Nothing but the lines from the one containing "A vibrant bouquet" through the last line of the records below should be copied, exactly and without pictures.
(Supplied records begins)
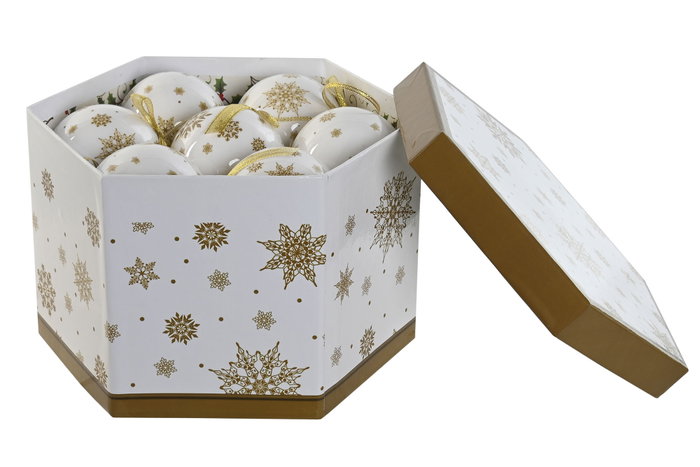 DKD Home Decor Set de 14 Bolas de Decoración Dorado y Blanco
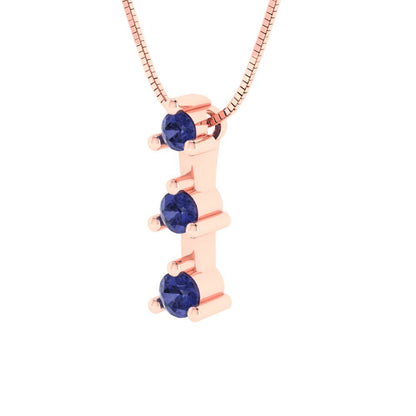 0.21 tcw Necklace Pendant - 14K White Gold Round Cut Charm Tanzanite - Adjustable Length - 15in Box Chain to 18in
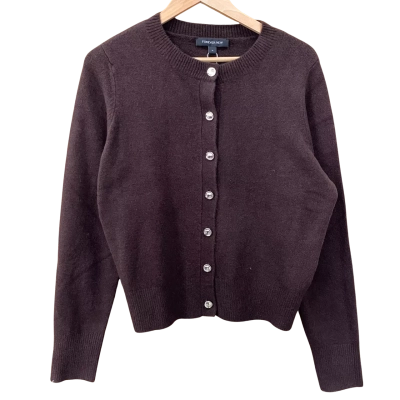 Forever New Chocolate Brown Crewneck Cardigan Size M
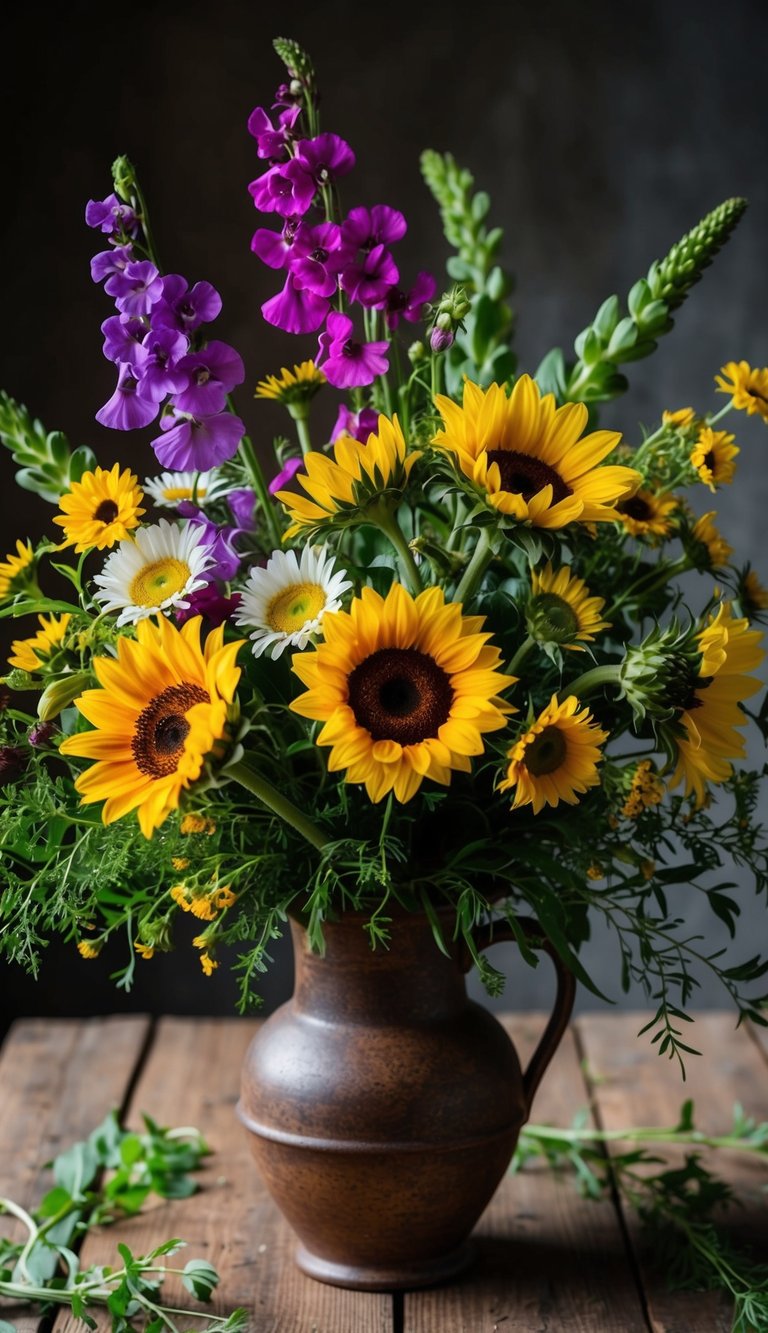 A vibrant bouquet of snapdragons, daisies, and sunflowers in a rustic vase. Wildflowers and greenery spill out in a natural, asymmetrical arrangement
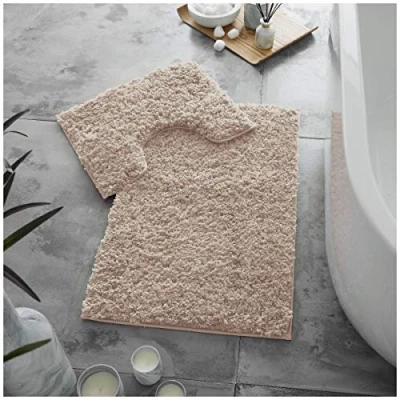 Afbeelding van GAVENO CAVAILIA Luxe Super Soft 2 delige Zero Twist Badmat Voetstuk Set Antislip, Extra Absorberend 100% Polyester Badkamer Toilettapijt, Normaal (50x80, 50x40 cm), Blush Roze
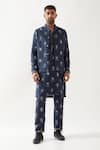 Buy_Son of A Noble Snob_Navy Linen Madox Stamp Bundi _Online_at_Aza_Fashions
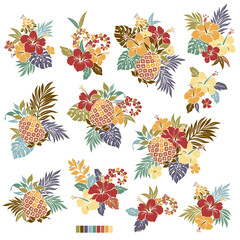 Wall Mural - Tropical flower vector illustration material collection,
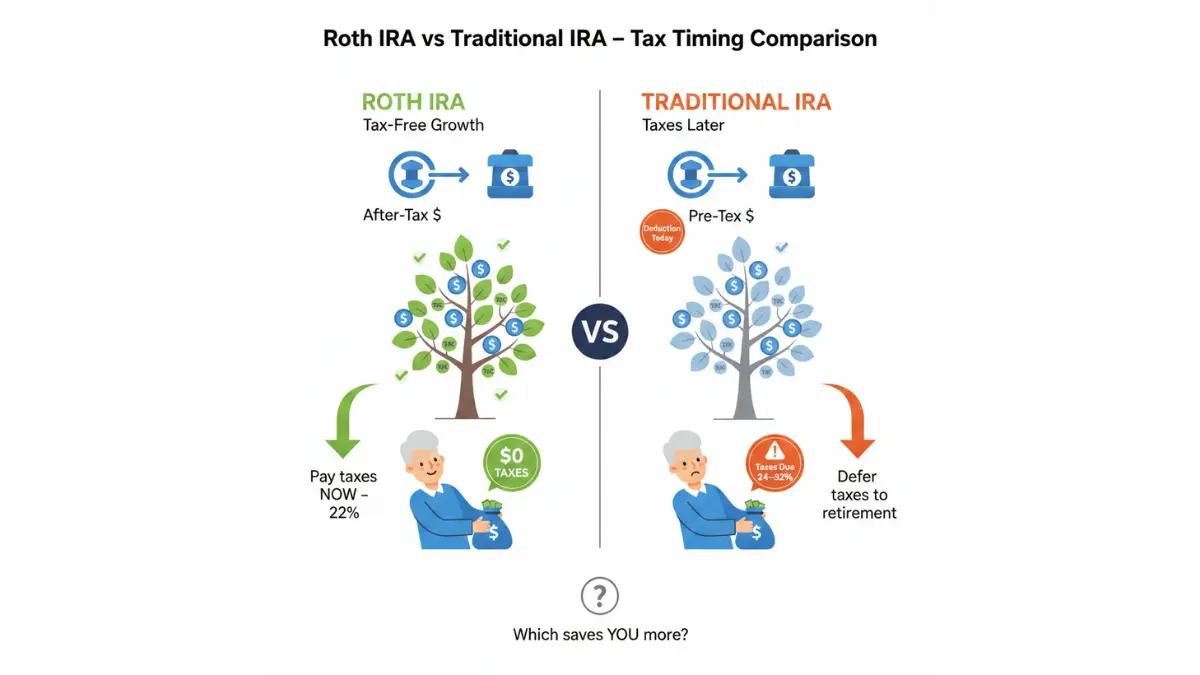 Roth IRA vs Traditional IRA tax comparison showing after-tax Roth IRA withdrawals tax-free versus traditional IRA taxed in retirement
(Supplied records ends)
Written reply:
 A vibrant bouquet of snapdragons, daisies, and sunflowers in a rustic vase. Wildflowers and greenery spill out in a natural, asymmetrical arrangement
 Afbeelding van GAVENO CAVAILIA Luxe Super Soft 2 delige Zero Twist Badmat Voetstuk Set Antislip, Extra Absorberend 100% Polyester Badkamer Toilettapijt, Normaal (50x80, 50x40 cm), Blush Roze
 Buy_Son of A Noble Snob_Navy Linen Madox Stamp Bundi _Online_at_Aza_Fashions
 Wall Mural - Tropical flower vector illustration material collection,
 Roth IRA vs Traditional IRA tax comparison showing after-tax Roth IRA withdrawals tax-free versus traditional IRA taxed in retirement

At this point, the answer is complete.